The New York Times said otherwise on Sunday, in a report headlined: “January 6 panel has evidence for criminal referral of Trump, but splits on sending.”
“The debate centers on whether making a referral – a largely symbolic act – would backfire by politically tainting the justice department’s expanding investigation into the January 6 assault and what led up to it,” the paper said.
Citing “members and aides”, the Times said such sources were reluctant to support a referral because it would create the impression Democrats had asked the attorney general, Merrick Garland, to investigate Trump.
What did Cheney say? “We have not made a decision about referrals on the committee … [but] it’s actually clear that what President Trump was dealing with, what a number of people around him were doing, that they knew it was awful. That they did it anyway.”
France faces bruising runoff after Macron and Le Pen top first-round vote
France faces a brutal two-week campaign over the country’s future, as the centrist incumbent, Emmanuel Macron, faces the far-right Marine Le Pen for the presidency, positioning himself as a pro-European “progressive” against what he calls her anti-Muslim, nationalist programme and “complacency” about Putin.
Macron topped Sunday’s first round of the French presidential election with 27.6% of the vote, ahead of Le Pen’s 23.4%, according to initial projected results by Ipsos for France Télévisions.
He scored higher than his result in the first round five years ago, and clearly gained support in the final hours of the campaign after his harsh warnings to voters to hold back the far right and protect France’s place on the international diplomatic stage during the war in Ukraine. But Le Pen’s score was also higher than five years ago.
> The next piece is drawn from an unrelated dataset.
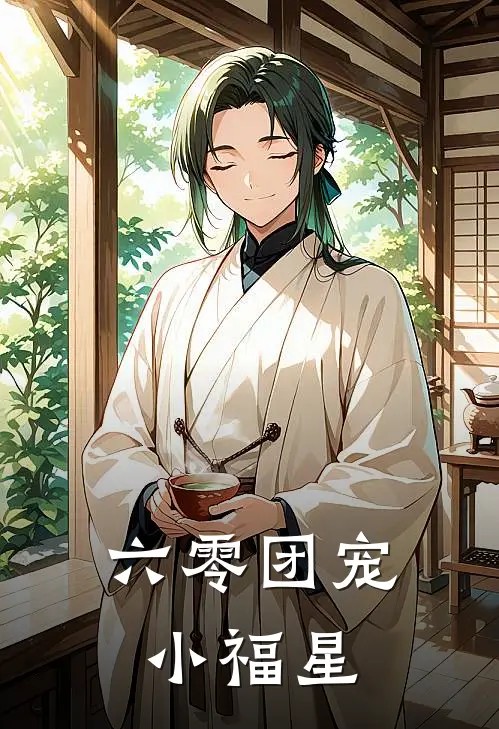 六零团宠小福星晓棠赵有才热门小说排行_免费小说六零团宠小福星晓棠赵有才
Why is Le Pen doing better this time? She had steadily gained support after campaigning hard on the cost of living crisis and inflation, which had become voters’ biggest concerns.
What has Macron said? He told reporters: “When the far-right, in all its forms, represents that much in France, you can’t consider things are going well, so you must go out and convince people with a lot of humility, and respect for those who weren’t on our side in this first round.”
In other news …
A federal judge has indicated that an attempt to stop the far-right Republican congressperson Marjorie Taylor Greene running for re-election will be allowed to proceed. The challenge from a group of Georgia voters says Greene should be disqualified because she supported insurrectionists on 6 January 2021.
After dozens of botched, evidently painful lethal injections in recent years, prisoners in at least 10 states have been making a surreal argument: they would prefer the firing squad. As more “technological” methods have proved grisly, some states are considering shooting prisoners instead.